ICEBlock is an app that uses real-time information to pinpoint the location of ICE agents in the field. Launched in April in response to Donald Trump’s immigration crackdown, it now boasts more than one million users across the country.
Among them, until recently, was self-styled “anti-fascist” sniper Joshua Jahn, who killed one person – a detainee – and critically injured two more at an ICE facility in Dallas. The FBI has discovered that Jahn used the app, or one like it, to track his intended victims. In a handwritten note, Jahn, who took his own life, wrote, “Hopefully this will give ICE agents real terror.”
ICEBlock claims that its purpose is to help illegal immigrants evade arrest by alerting them to the presence of ICE agents. But its far more wicked use as an assassin’s tool has for a long time been all too easy to predict with the left’s prolific and incendiary rhetoric around “Nazis” and “fascists,” the assassination of Charlie Kirk and the new record-high of left-wing terror attacks.
And it is almost inevitable that another targeted attack based on data from the app will happen again.
That’s because Apple is still hosting ICEBlock and apps like it on its App Store. The big tech platform that notoriously removed the conservative social media app Parler for far more nebulous claims of harm after Jan. 6. seems perfectly content to aid future would-be assassins. Apparently, Big Tech is more worried about censoring conservative grannies for wrongthink than it is actual real world violence.
ICEBlock was developed by Joshua Aaron, a tech bro and former indie musician from Texas. It allows activists to drop a pin on a map wherever they spot ICE agents, which then sends a notification to all other users in a five mile radius.
“We don’t want anything being discoverable,” Aaron said in a gushing profile for CNN earlier this year. “And so, this is 100 percent anonymous and free for anybody who wants to use it.”
Of course, ICEBlock would never explicitly incite violence, it would like you to know. Upon log-in, a legal disclaimer states, “Please note that the use of this app is for information and notification purposes only.”

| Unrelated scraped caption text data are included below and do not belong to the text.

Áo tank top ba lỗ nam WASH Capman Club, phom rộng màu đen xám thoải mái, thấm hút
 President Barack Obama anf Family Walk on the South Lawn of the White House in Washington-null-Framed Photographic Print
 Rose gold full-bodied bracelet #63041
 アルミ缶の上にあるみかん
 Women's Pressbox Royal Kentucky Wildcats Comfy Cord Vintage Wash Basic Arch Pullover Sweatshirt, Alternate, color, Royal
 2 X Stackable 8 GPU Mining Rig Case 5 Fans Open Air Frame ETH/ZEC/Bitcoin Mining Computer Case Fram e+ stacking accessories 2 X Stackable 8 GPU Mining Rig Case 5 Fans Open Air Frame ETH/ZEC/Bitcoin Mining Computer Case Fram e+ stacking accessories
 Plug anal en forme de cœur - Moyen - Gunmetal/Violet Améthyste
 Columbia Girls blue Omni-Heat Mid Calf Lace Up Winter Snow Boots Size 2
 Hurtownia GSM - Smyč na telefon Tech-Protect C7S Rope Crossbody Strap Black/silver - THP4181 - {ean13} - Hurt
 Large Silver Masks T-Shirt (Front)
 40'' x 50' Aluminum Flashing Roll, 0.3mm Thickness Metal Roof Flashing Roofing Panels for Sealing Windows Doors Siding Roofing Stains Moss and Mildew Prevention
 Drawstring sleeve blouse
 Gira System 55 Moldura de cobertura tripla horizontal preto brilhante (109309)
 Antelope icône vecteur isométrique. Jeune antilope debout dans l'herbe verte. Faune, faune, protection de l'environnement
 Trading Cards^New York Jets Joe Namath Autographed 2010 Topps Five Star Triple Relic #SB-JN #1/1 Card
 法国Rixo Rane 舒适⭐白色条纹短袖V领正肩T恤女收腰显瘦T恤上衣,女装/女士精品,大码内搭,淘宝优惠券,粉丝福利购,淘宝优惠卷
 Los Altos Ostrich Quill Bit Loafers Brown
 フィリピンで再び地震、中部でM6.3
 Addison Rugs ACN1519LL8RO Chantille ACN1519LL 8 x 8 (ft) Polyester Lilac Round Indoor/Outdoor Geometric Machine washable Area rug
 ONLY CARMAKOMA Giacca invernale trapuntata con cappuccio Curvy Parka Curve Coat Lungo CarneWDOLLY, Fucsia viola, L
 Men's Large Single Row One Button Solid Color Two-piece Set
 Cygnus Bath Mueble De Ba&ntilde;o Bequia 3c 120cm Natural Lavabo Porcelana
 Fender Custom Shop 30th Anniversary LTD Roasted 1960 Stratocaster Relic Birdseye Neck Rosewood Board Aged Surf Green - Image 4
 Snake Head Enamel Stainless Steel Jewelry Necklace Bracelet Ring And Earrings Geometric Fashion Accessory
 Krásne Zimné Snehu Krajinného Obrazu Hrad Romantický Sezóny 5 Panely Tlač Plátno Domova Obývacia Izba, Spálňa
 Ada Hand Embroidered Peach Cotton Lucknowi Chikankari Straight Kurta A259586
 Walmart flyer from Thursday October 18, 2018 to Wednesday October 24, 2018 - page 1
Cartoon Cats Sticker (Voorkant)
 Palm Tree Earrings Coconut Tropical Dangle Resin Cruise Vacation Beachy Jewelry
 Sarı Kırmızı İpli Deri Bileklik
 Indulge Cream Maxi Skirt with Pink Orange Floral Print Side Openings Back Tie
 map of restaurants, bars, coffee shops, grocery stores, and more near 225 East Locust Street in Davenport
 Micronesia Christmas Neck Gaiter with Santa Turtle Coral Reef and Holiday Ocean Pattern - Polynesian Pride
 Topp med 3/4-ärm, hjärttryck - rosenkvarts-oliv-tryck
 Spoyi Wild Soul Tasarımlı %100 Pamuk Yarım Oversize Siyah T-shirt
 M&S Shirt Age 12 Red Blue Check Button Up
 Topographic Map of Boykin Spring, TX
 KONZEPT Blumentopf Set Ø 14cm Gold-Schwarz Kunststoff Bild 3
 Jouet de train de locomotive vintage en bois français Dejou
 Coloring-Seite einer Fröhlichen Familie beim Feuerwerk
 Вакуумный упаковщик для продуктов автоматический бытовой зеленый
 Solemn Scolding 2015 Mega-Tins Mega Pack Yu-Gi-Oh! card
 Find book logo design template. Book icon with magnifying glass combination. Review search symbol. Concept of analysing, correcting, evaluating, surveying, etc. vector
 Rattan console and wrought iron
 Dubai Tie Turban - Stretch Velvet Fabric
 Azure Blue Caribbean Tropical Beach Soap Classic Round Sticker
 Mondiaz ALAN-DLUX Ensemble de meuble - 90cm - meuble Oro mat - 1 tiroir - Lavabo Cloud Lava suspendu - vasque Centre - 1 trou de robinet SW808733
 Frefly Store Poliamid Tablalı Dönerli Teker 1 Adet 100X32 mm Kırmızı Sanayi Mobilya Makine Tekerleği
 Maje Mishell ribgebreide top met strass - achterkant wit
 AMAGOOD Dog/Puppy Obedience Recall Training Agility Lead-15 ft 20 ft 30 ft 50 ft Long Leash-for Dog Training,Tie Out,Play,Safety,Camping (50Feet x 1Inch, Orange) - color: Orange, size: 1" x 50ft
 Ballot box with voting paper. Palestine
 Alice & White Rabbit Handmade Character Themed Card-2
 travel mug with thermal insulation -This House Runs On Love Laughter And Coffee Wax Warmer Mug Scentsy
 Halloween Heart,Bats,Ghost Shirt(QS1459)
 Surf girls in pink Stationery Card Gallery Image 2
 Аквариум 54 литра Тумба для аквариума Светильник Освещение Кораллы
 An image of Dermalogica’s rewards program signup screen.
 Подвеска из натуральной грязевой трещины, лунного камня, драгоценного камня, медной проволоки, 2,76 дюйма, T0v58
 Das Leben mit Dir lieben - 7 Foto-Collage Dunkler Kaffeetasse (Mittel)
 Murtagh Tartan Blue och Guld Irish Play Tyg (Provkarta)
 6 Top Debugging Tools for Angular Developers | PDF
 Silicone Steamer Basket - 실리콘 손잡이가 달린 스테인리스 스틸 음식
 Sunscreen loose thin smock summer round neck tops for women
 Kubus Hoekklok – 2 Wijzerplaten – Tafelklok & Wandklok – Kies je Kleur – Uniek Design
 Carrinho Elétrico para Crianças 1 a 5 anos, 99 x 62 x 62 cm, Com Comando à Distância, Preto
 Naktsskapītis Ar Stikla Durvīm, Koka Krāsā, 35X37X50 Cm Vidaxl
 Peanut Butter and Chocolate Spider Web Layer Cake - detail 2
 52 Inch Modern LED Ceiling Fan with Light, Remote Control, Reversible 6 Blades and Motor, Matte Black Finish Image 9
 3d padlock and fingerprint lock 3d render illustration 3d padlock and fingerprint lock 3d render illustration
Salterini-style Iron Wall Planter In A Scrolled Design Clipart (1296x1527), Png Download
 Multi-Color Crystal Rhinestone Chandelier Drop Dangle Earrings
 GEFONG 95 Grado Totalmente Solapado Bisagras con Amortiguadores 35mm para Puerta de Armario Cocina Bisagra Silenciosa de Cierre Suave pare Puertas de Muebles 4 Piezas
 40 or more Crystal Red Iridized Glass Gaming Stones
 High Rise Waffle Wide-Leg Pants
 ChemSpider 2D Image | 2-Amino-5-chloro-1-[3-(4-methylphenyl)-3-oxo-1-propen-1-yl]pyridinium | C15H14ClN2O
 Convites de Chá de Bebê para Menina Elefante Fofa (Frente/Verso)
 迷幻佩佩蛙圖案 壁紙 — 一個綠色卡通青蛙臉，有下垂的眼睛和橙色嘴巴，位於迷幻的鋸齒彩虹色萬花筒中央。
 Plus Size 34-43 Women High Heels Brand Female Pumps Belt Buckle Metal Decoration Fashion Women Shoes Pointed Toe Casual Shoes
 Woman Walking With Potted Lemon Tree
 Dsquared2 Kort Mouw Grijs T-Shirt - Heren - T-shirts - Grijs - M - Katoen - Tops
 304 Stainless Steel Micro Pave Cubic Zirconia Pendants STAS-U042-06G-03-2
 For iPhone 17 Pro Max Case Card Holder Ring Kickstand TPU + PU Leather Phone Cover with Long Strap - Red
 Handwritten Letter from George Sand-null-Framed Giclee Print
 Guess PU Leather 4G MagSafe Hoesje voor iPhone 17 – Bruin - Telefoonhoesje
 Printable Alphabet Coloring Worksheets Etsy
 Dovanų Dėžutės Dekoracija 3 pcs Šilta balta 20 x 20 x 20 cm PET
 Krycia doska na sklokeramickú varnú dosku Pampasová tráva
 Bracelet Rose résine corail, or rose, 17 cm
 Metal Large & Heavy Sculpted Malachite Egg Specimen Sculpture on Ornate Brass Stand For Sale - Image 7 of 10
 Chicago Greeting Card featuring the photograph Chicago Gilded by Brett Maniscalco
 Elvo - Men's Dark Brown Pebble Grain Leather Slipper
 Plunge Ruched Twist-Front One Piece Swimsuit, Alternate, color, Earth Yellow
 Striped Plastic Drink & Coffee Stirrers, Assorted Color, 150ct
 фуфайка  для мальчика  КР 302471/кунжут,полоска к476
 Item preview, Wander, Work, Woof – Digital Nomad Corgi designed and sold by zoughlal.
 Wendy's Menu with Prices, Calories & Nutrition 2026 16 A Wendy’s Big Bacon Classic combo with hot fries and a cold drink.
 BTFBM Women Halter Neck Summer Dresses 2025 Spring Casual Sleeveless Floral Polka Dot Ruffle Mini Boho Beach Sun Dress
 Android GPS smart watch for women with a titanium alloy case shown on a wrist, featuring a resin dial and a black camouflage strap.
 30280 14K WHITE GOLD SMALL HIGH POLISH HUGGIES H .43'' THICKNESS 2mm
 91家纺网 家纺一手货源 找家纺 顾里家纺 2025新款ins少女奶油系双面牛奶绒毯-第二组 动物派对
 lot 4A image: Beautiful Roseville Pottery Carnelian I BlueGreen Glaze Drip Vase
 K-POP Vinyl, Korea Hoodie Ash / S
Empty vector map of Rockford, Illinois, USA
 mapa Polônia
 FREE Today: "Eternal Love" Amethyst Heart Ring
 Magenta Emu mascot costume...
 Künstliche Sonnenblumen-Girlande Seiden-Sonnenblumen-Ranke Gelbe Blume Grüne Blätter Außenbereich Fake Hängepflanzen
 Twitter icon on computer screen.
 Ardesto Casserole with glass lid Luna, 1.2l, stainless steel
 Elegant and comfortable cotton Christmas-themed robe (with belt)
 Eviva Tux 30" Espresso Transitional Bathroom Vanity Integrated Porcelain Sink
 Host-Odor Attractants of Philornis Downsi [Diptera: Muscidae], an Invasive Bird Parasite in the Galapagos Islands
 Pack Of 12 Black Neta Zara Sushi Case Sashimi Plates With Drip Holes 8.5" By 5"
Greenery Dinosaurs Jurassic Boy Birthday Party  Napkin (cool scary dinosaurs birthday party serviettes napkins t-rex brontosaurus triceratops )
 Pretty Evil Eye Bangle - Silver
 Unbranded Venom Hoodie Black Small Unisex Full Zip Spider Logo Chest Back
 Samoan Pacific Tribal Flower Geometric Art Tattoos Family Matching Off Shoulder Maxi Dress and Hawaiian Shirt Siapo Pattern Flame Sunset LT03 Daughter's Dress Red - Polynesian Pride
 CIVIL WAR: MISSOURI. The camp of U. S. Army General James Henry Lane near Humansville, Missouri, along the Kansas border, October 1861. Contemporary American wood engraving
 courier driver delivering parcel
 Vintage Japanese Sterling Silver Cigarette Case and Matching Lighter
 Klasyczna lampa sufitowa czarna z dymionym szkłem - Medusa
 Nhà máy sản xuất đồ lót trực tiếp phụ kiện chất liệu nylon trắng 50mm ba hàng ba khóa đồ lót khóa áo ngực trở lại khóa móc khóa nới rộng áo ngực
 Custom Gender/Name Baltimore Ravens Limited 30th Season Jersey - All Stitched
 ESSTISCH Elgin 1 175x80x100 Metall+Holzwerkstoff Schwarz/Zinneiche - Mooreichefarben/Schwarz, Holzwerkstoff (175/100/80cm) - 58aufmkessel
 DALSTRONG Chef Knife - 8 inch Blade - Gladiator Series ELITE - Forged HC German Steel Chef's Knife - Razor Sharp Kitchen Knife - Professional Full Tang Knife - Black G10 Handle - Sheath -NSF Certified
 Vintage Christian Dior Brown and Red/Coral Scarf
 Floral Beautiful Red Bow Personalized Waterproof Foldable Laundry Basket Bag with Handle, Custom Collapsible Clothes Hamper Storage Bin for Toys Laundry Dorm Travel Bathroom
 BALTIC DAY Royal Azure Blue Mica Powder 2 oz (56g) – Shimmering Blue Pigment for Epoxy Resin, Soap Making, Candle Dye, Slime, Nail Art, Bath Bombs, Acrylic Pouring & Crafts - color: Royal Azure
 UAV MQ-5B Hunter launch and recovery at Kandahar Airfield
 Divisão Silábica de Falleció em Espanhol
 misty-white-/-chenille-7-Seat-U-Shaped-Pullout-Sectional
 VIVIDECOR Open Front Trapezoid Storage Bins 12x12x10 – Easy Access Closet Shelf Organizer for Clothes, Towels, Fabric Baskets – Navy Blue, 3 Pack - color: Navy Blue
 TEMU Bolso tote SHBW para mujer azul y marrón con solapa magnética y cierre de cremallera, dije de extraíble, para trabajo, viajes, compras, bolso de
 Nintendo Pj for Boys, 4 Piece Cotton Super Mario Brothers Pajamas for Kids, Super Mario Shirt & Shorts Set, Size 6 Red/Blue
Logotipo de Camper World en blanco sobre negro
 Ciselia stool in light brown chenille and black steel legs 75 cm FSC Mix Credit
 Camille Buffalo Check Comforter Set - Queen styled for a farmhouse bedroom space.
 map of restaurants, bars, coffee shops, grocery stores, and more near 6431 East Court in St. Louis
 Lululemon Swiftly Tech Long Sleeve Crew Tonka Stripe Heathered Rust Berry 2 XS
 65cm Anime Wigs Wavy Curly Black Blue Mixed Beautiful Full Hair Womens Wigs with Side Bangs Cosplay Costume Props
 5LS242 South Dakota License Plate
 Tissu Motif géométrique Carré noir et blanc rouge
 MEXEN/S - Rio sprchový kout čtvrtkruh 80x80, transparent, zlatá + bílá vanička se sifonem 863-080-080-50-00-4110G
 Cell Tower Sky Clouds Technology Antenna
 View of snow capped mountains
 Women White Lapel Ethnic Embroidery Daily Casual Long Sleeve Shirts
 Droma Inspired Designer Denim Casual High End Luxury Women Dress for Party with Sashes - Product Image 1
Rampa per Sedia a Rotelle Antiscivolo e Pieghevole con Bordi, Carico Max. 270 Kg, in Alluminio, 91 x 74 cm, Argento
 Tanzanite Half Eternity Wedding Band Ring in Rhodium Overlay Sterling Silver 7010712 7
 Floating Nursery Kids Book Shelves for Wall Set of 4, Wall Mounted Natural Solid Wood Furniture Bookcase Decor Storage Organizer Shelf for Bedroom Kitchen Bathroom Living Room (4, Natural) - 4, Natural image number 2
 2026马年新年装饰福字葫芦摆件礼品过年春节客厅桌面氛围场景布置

Aaron says he’s the good guy, someone who wants to “fight back” against the rising tide of Nazism in America. He only cares about “keeping people safe,” he told The Guardian in another fawning interview.
And playing the victim in an interview with USA Today, he claimed it was “insanity” to link his app with the Texas shooting and that the DOJ was merely “trying to bully [him].” Indeed, he has seemed much more concerned that his wife was let go from her job as a forensic auditor at the Department of Justice because of her ties to the app.
Most tech founders would sell their first-born to mirror ICEBlock’s growth: it boasted just 20,000 users in June, but as of September Aaron says there are 1.1 million active users across the country – all of whom seem perfectly happy to help would-be assassins find their next victim.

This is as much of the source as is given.